Years ago… I visited the Martin Luther King Center and purchased a children’s biography of King for my six year old daughter. This led to a collection of King biographies that over the years have grown in sophistication. When she was nine, she played on a frequent basis with a large number of other children in the cathedral close in Jerusalem. Among her friends was Jamie, a younger Canadian boy, and Alex, an American who had a reputation for being something of a bully. One day Jamie noticed Alex treat one of the other children pretty roughly and, at first, he was inclined to confront Alex. But, having done a quick body-mass comparison, Jamie concluded it was better to remain silent. Lindsay, with her well-honed sense of justice, said to her Canadian friend, “Jamie, go ahead and tell him what he did was wrong. Martin Luther King did — they killed him, of course —- but he did it anyway.” You have to admire her values, although she could learn something about the art of persuasion. (It is probably not a particularly good approach to lead with martyrdom!) And, yet, that is, in fact, the point.[1]
King died witnessing to his faith and its implications. Biblical allusions and images, pictures of God’s will for us, deeply theological assumptions about who we are – collectively and individually – are thread through his sermons, speeches, and writing.

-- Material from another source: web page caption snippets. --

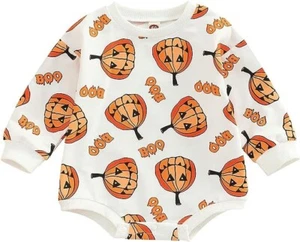 Infant Baby Girl / Boy Oversized Halloween Sweatshirt - Top Long Sleeve Romper - Picture 1 of 6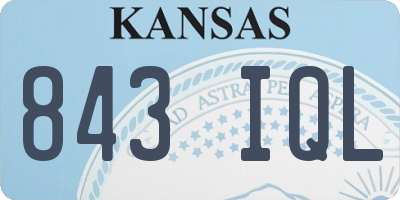 KS license plate 843IQL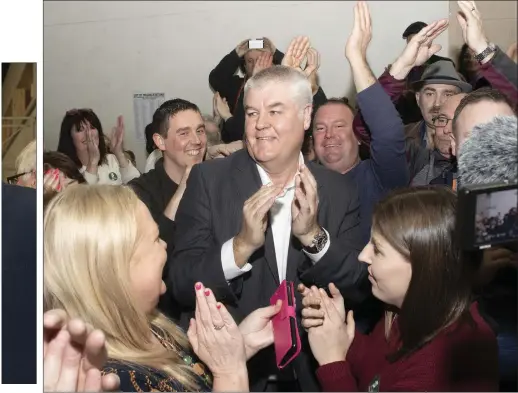  ??  ?? Applause for Sinn Féin’s Johnny Mythen at the Wexford count centre.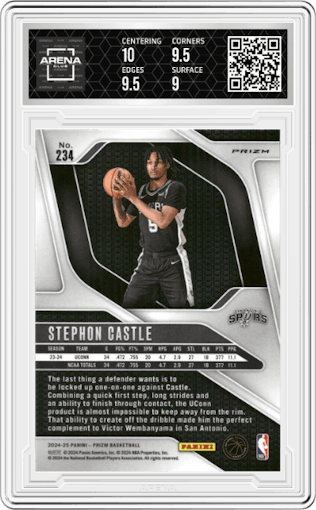 Stephon Castle from the 2024-25 Panini Prizm set featuring a Pink Ice parallel graded by Arena Club and given an overall grade of 9.5.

That approach to life’s challenges lies at the heart of what it means to be a martyr. In the first place, a martyr is a witness. But, in turn, the faithfulness of early witnesses to the Gospel gave it the meaning it has today: one who dies witnessing to their faith.
Both distinctions are worth bearing in mind, if you are a Christian. Where politics have supplanted witness and political categories have supplanted a deep contemplation of the will of God, there may be people who make sacrifices. But they aren’t martyrs.
[1] Frederick W. Schmidt, What God Wants for Your Life (San Francisco: Harper One, 2005): 82-83.